I certainly learnt a lot about the lifestyle of the wealthy classes from this book and was particularly struck by how often they moved about the country. The author has also, without a doubt, spent a lot of time researching her subject and looking for contemporary sources for the book.

Although the book is a very interesting read, and, one to be recommended for those interested in Elizabethan England, I have two or maybe three criticisms. The first is that there does not appear to be very much written about her earlier life, indeed she gets through the first three husbands quite quickly considering that she is nearly forty by the time the third one dies.
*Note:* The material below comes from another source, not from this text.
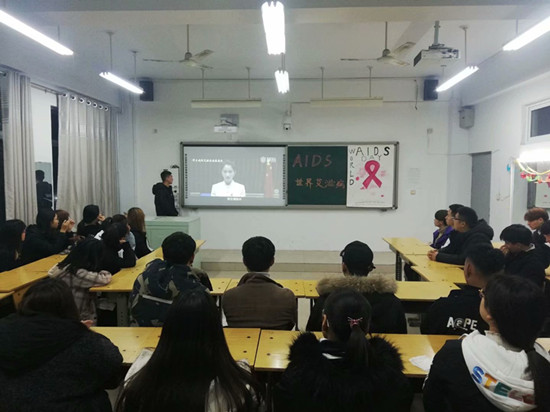 艺术系学生观看防艾宣传片.jpg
This leads onto the second criticism; there is too much of the book dedicated to the imprisonment of Mary, Queen of Scots, for whom the Earl of Shrewsbury, Bess's fourth husband, was responsible over a 15 year period prior to her execution. Whilst it was undoubtedly a key part of Bess's life, and was probably one of the causes of her estrangement from the Earl of Shrewsbury, it is a part of the book that seems to be more about the Scottish Queen and Bess's husband than Bess herself. In fact it appears that Bess spent a lot of the time of the imprisonment avoiding Tutbury and much of this section seems to be a list of places that the queen was moved between which became quite dull after a while. My final, slight, problem with the book is that it is obvious that the author admires her subject. One can get the impression that Bess was as close to perfect as possible, which, considering that she managed to make some very good deals in order to increase her wealth is not at all likely - for her to succeed in business she must have had a ruthless streak in her. I would just like a slightly more balanced appraisal of Bess, I did like her, but she can't have been that nice - nobody is!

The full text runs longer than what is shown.